Re: Biblical Hebrew (Was: Major Defect in Combining Classes of Tibetan Vowels)

From: Kenneth Whistler (kenw@sybase.com)
Date: Thu Jun 26 2003 - 21:54:08 EDT

  • Next message: Kenneth Whistler: "Re: Biblical Hebrew"

    John,

    > At 03:36 PM 6/26/2003, Kenneth Whistler wrote:
    >
    > >Why is making use of the existing behavior of existing characters
    > >a "groanable kludge", if it has the desired effect and makes
    > >the required distinctions in text? If there is not some
    > >rendering system or font lookup showstopper here, I'm inclined
    > >to think it's a rather elegant way out of the problem.
    >
    > I think assumptions about not breaking combining mark sequences may, in
    > fact, be a showstopper. If <base+mark+mark> becomes
    > <base+mark+CtrlChar+mark>, it is reasonable to think that this will not
    > only inhibit mark re-ordering but also mark combining and mark
    > interraction.
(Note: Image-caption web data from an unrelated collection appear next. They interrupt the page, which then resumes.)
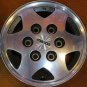 JDM Super rare item Vintage 4wheels set TOPY made Mazda Bongo 6 hole a No Tires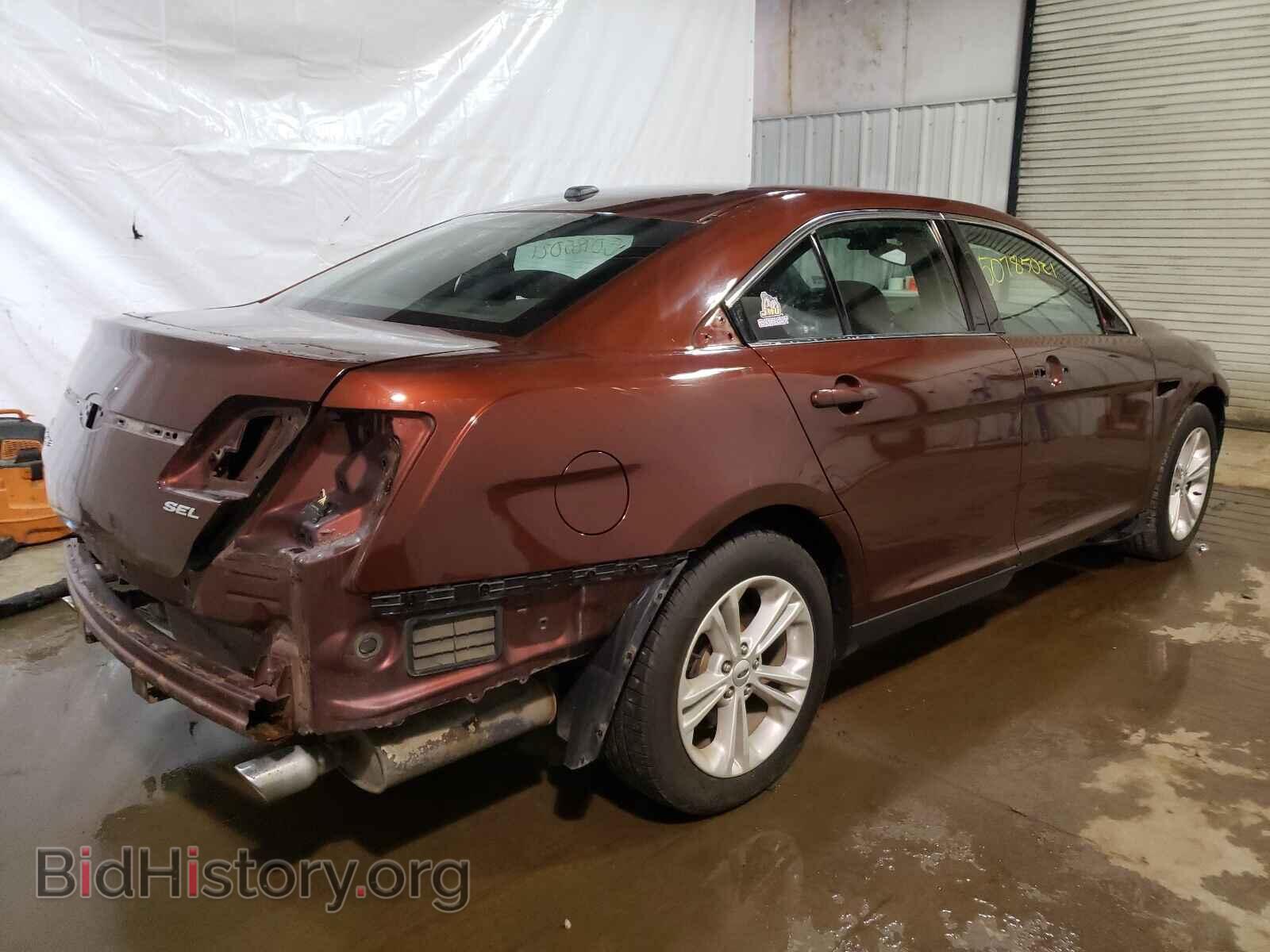 2015 FORD TAURUS - VIN: 1FAHP2E81FG127175 - Photo 4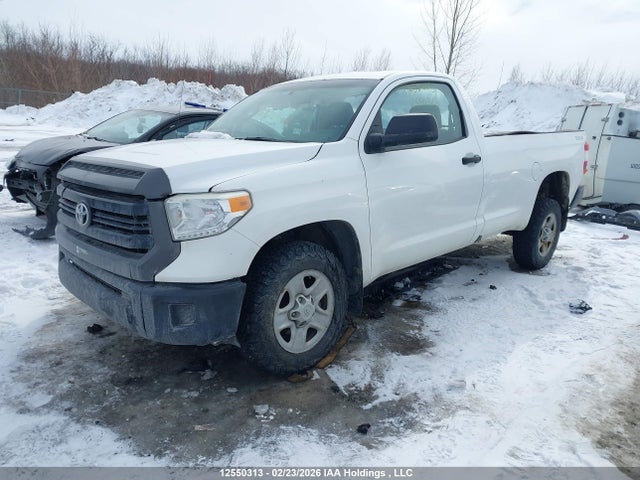 5TFNY5F16GX195714 Toyota Tundra Sr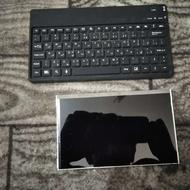 گوشی تبلت وکیبرد سالم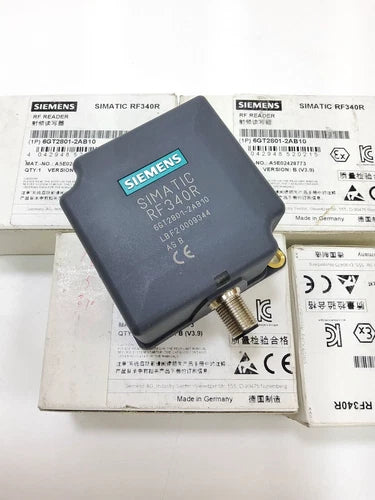 SIEMENS RF READER SIMATIC RF340R 6GT2801-2AB10 *4PCS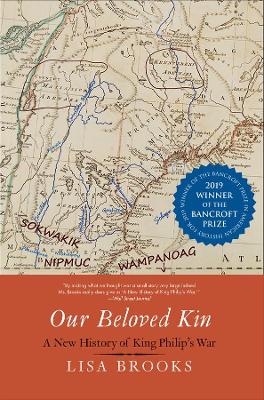 Cover of Our Beloved Kin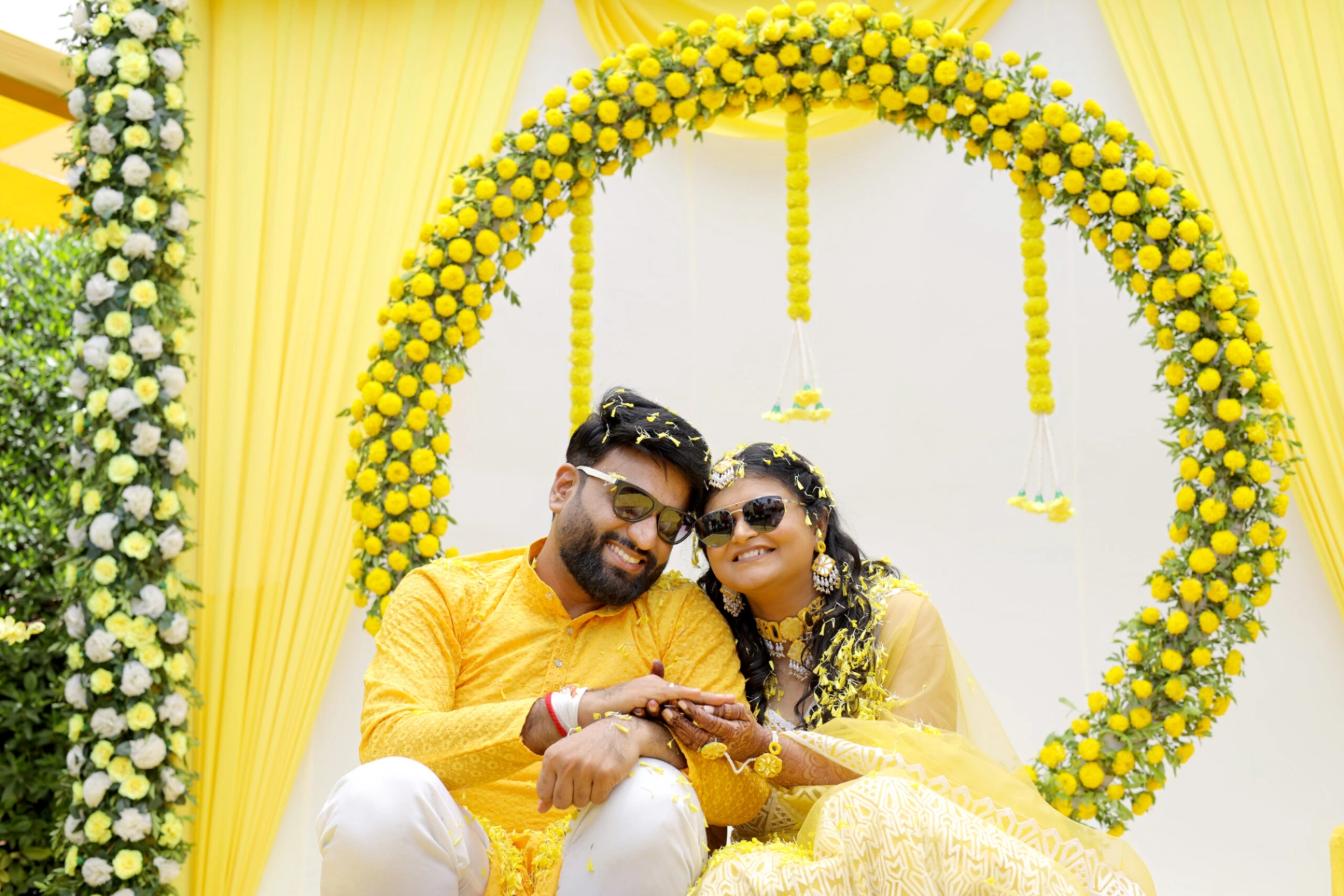 Portfolio image 10 for Ceremony Photography Studio, a photographer in Vadodara specializing in traditional, vintage, fine art, candid, artistic, drone, photojournalistic, black and white, lifestyle.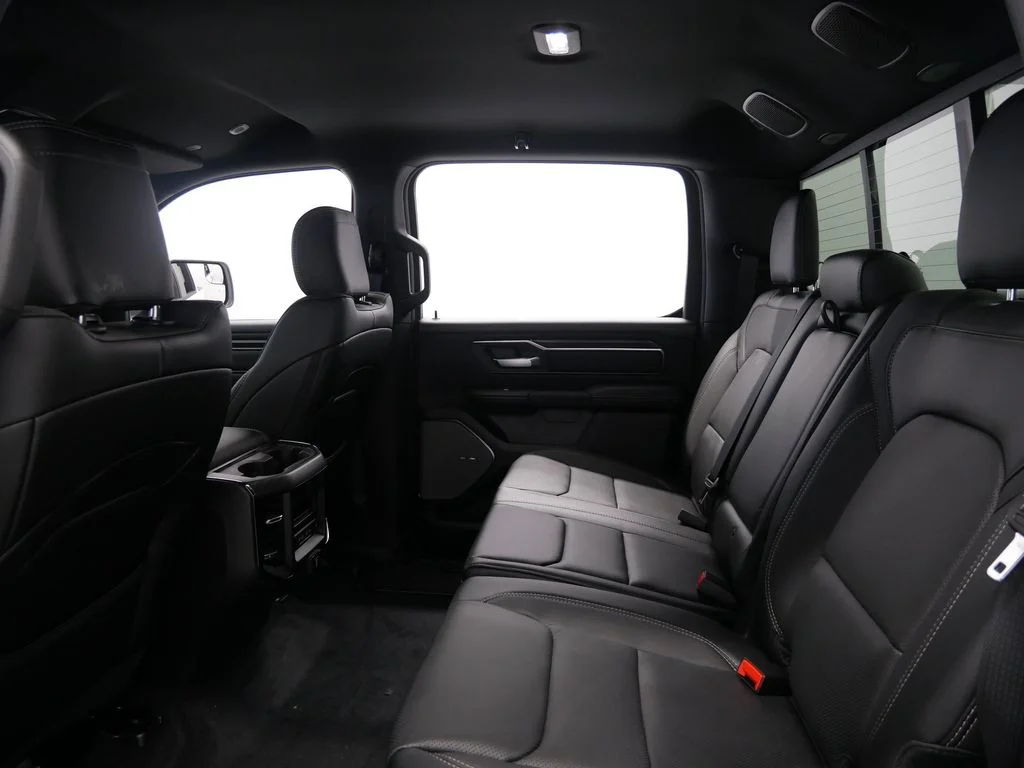 New 2026 Bright White Clear-Coat Exterior Paint Ram Rebel image 14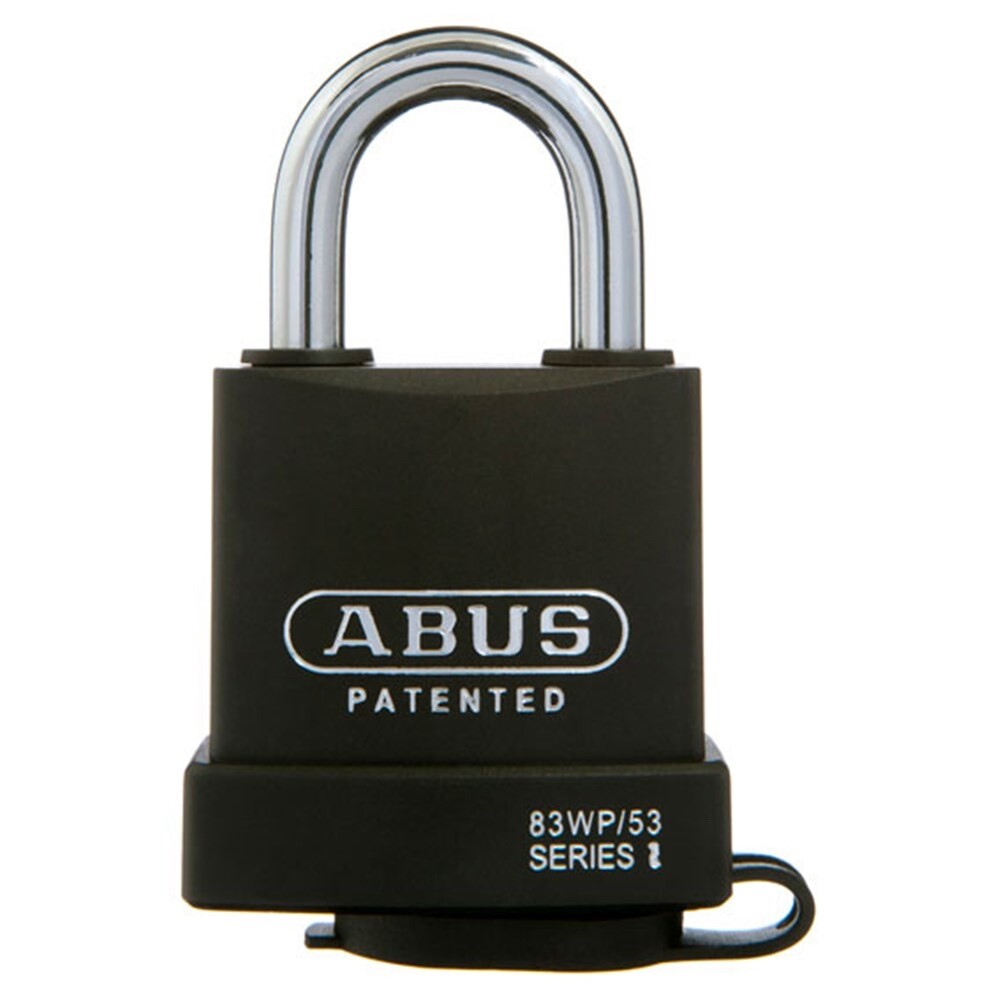 ABUS Extreme Padlock-KEYED ALIKE Abus Padlocks Free Postage-83WP53NKD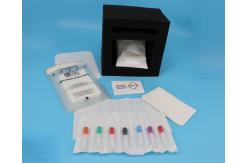 China Square Specimen Transport Bags With 500ml Absorption Capacity supplier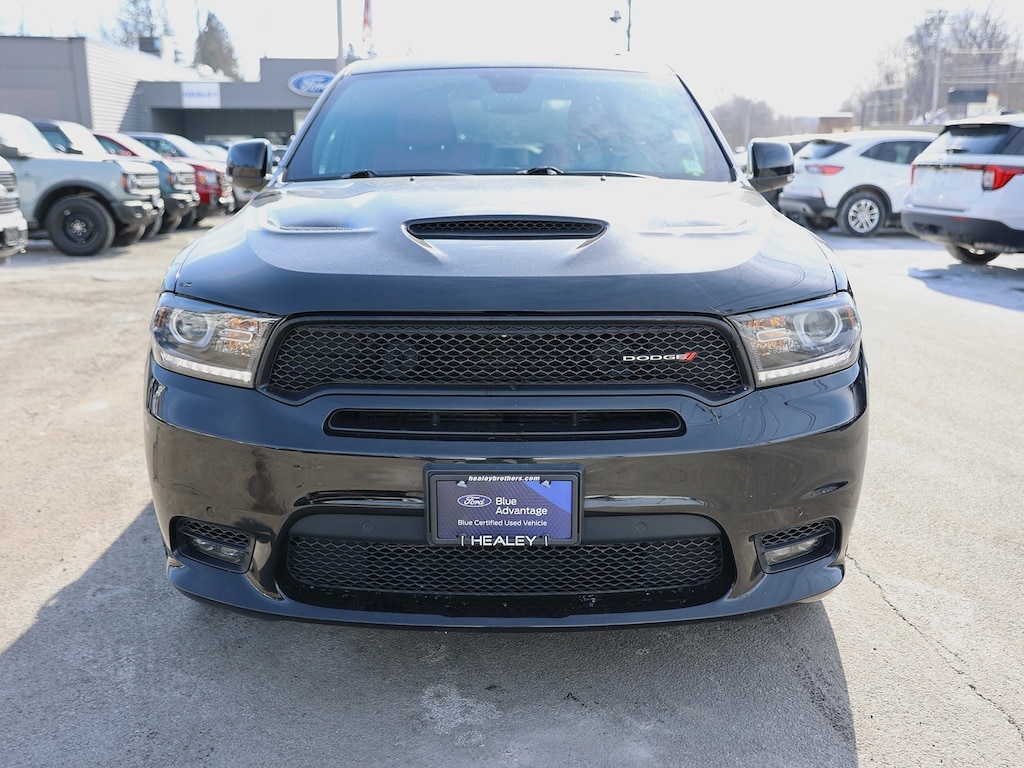 Certified 2019 Dodge Durango R/T SUV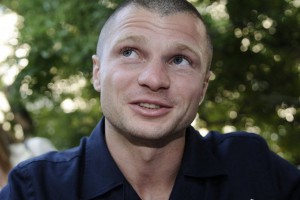 Владимиру Сидоренко понравилось, как боксировали Украинские атаманы Владимиру Сидоренко понравилось, как боксировали Украинские атаманы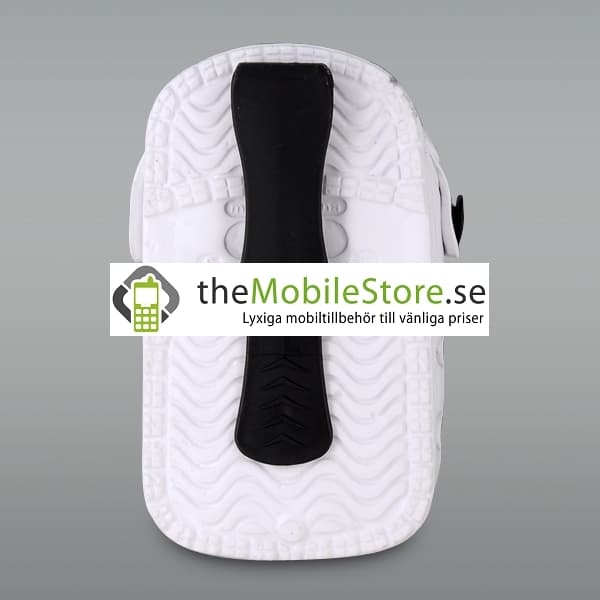 Skumgummisandalholder til iPhone 4G (hvid) White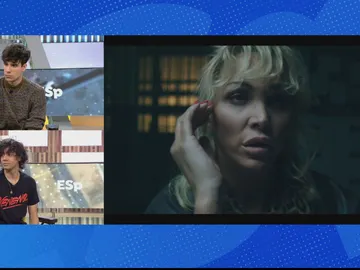 Termina la serie Veneno Termina la serie Veneno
Unfortunately, this seems to be the case with every control
    > character I have been able to test, using two different rendering engines
    > (Uniscribe and InDesign ME -- although the latter already has some problems
    > with double marks in Biblical Hebrew). Perhaps we should have a specific
    > COMBINING MARK SEQUENCE CONTROL character?

    Actually, in casting around for the solution to the problem of
    introduction of format controls creating defective combining
    character sequences, it finally occurred to me that:

    U+034F COMBINING GRAPHEME JOINER

    has the requisite properties.

    It is non-visible, does not affect the display of neighboring
    characters (except incidentally, if processes choose to recognize
    sequences containing it and process them distinctly), *AND*
    it is a *combining mark*, not a format control.

    Hence, the sequence:

        <lamed, patah, CGJ, hiriq>
           0 17 0 14
        
    is *not* a defective combining character sequence, by the
    definitions in the standard. The entire sequence of three
    combining marks would have to "apply" to the lamed, but
    the fact that CGJ has (cc=0) prevents the patah from reordering
    around the hiriq under normalization.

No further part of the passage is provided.